#### Assignment:
A faithful transcription of all the records is required.

Start of Listed records

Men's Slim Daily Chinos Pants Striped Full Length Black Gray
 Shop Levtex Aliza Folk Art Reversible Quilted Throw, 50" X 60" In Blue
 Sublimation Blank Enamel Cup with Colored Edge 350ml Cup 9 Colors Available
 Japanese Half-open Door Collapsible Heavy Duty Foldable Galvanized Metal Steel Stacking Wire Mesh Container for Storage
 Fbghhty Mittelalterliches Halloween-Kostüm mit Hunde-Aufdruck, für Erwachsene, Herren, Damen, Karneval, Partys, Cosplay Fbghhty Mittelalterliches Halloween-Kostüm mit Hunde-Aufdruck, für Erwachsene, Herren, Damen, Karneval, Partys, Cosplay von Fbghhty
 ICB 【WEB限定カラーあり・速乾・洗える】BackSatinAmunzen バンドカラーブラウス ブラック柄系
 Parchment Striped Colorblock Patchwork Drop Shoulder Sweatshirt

End of Listed records

#### Problem solution:
Men's Slim Daily Chinos Pants Striped Full Length Black Gray
 Shop Levtex Aliza Folk Art Reversible Quilted Throw, 50" X 60" In Blue
 Sublimation Blank Enamel Cup with Colored Edge 350ml Cup 9 Colors Available
 Japanese Half-open Door Collapsible Heavy Duty Foldable Galvanized Metal Steel Stacking Wire Mesh Container for Storage
 Fbghhty Mittelalterliches Halloween-Kostüm mit Hunde-Aufdruck, für Erwachsene, Herren, Damen, Karneval, Partys, Cosplay Fbghhty Mittelalterliches Halloween-Kostüm mit Hunde-Aufdruck, für Erwachsene, Herren, Damen, Karneval, Partys, Cosplay von Fbghhty
 ICB 【WEB限定カラーあり・速乾・洗える】BackSatinAmunzen バンドカラーブラウス ブラック柄系
 Parchment Striped Colorblock Patchwork Drop Shoulder Sweatshirt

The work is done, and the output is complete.